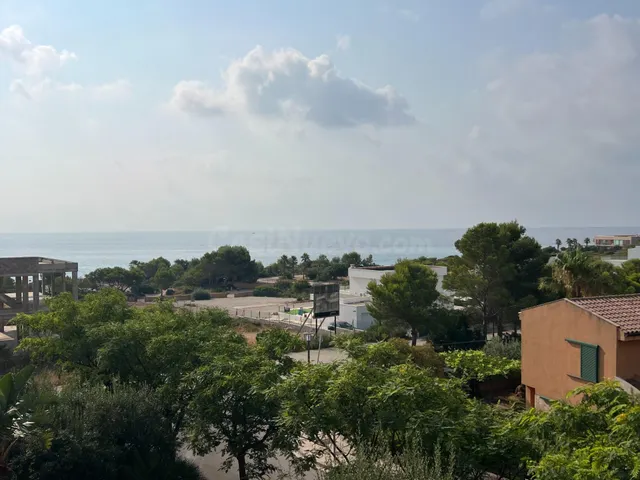 Espectacular ático dúplex con vistas al mar en la exclusiva  - foto 2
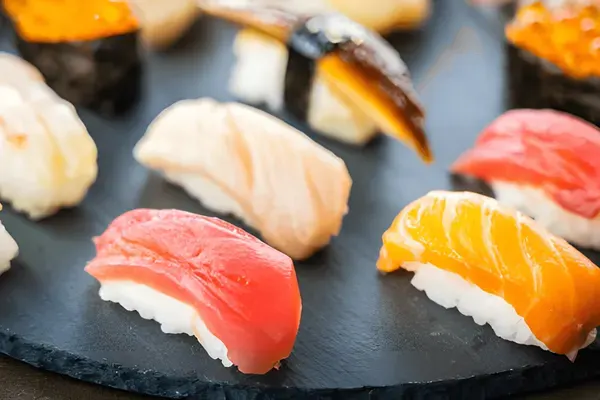 BAITONG Thai & Sushi Bar Restaurant, Pembroke Pines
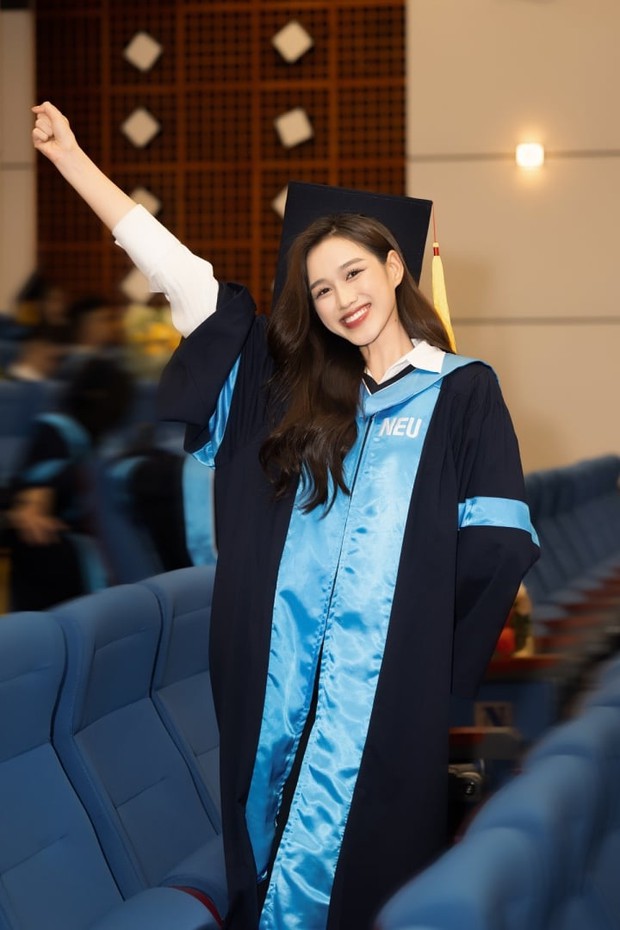 Hoa hậu Đỗ Thị Hà đội mũ cử nhân cho bố trong ngày tốt nghiệp Đại học - Ảnh 2.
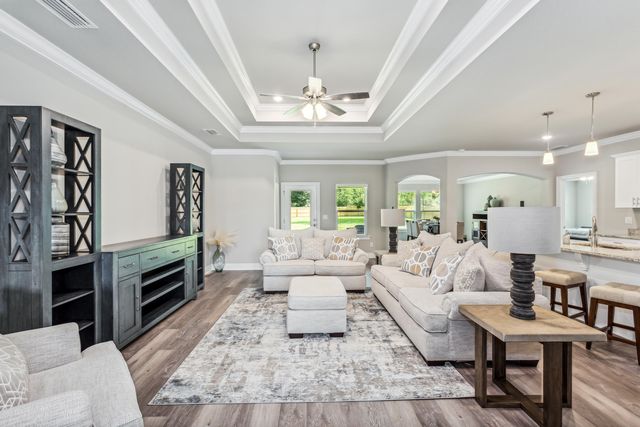 7607 Hatteras Drive, Navarre, FL 32566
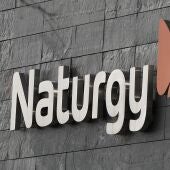 Logo del grupo energético Naturgy en la fachada de la sede de la empresa en Madrid.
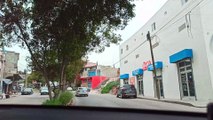 Enamórate de Tijuana en este recorrido turístico por la zona este de la ciudad, donde podrás explorar la Avenida Cucapah, la colonia Valle Verde y el CETYS 34. Descubre la autenticidad y la belleza de la región mientras disfrutas de su gastronomía y su cu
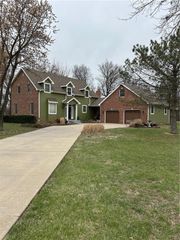 110 Huntington Circle, Pittsburg, KS 66762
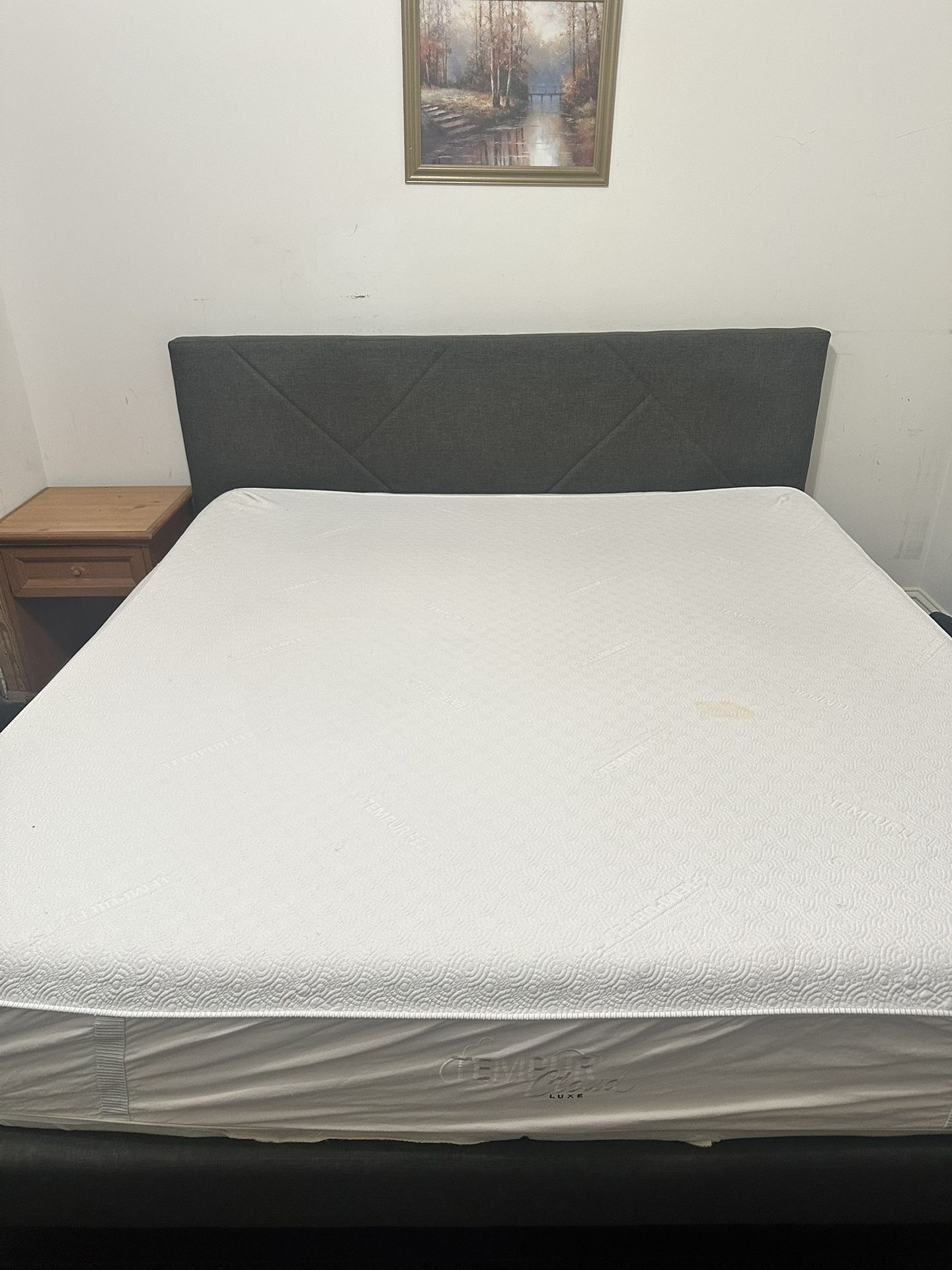 King Size Bed Tempur-Pedic Cloud Luxe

━━━━━━

● **Aim of the task**:
The expected result is every record above, word for word, with no pictures in it.

● **Written solution**:
 Espectacular ático dúplex con vistas al mar en la exclusiva  - foto 2
 BAITONG Thai & Sushi Bar Restaurant, Pembroke Pines
 Hoa hậu Đỗ Thị Hà đội mũ cử nhân cho bố trong ngày tốt nghiệp Đại học - Ảnh 2.
 7607 Hatteras Drive, Navarre, FL 32566
 Logo del grupo energético Naturgy en la fachada de la sede de la empresa en Madrid.
 Enamórate de Tijuana en este recorrido turístico por la zona este de la ciudad, donde podrás explorar la Avenida Cucapah, la colonia Valle Verde y el CETYS 34. Descubre la autenticidad y la belleza de la región mientras disfrutas de su gastronomía y su cu
 110 Huntington Circle, Pittsburg, KS 66762
 King Size Bed Tempur-Pedic Cloud Luxe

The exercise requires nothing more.